Cela explique d'ailleurs les déclarations du président directeur-général d'Hydro-Québec en commission parlementaire à Québec le 20 septembre dernier, alors qu'il affirmait notamment:
«... le choix qui a été fait à ce moment-là, c'était qu'Hydro-Québec procède par appel d'offres... Avec le nombre de propositions reçues, avec la qualité, les prix qui étaient franchement concurrentiels... on a été capable d'aller chercher le meilleur que cette filière-là peut nous donner... Aller chercher ces prix-là et donner cet avantage directement à tous les clients du Québec, c'est une approche tout à fait souhaitable.»
«... vous regardez les rendements qu'ils acceptent, [...] ce sont des rendements qui sont des rendements bas [...], des rendements qui sont inférieurs à ce qu'on jugerait prudent de faire à Hydro-Québec.»
Le Québec a besoin d'énergie pour se développer et sur son territoire, l'énergie éolienne est assez abondante. C'est une énergie renouvelable qui ne produit aucun gaz à effet de serre. C'est une énergie qui s'intègre très bien à l'énergie produite par les centrales hydroélectriques ayant de grands réservoirs. Avec les progrès technologiques qui ont permis de réduire les coûts de production de l'énergie éolienne pendant que les coûts des prochaines grandes centrales hydroélectriques sont de plus en plus élevés, le prix de l'énergie éolienne est devenu concurrentiel et le développement de la filière éolienne est devenu inévitable.

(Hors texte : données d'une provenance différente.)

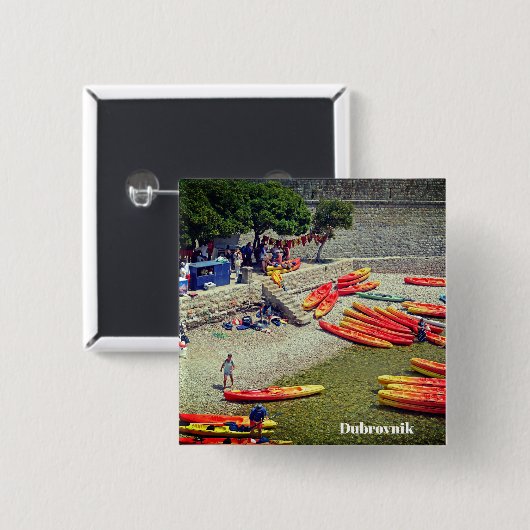 Dubrovnik Croatia West Wall Holiday Souvenir Button (Vorne & Hinten)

Avec les nombreux règlements mis en place par les autorités locales, régionales et provinciales, avec les conditions très strictes imposées par le maître d'oeuvre Hydro-Québec, avec la concurrence entre plusieurs promoteurs, les consommateurs québécois bénéficieront d'une énergie produite au meilleur coût possible dans des conditions qui respectent l'environnement. De plus, aucun parc ne pourra être construit s'il n'obtient pas l'approbation de la collectivité locale.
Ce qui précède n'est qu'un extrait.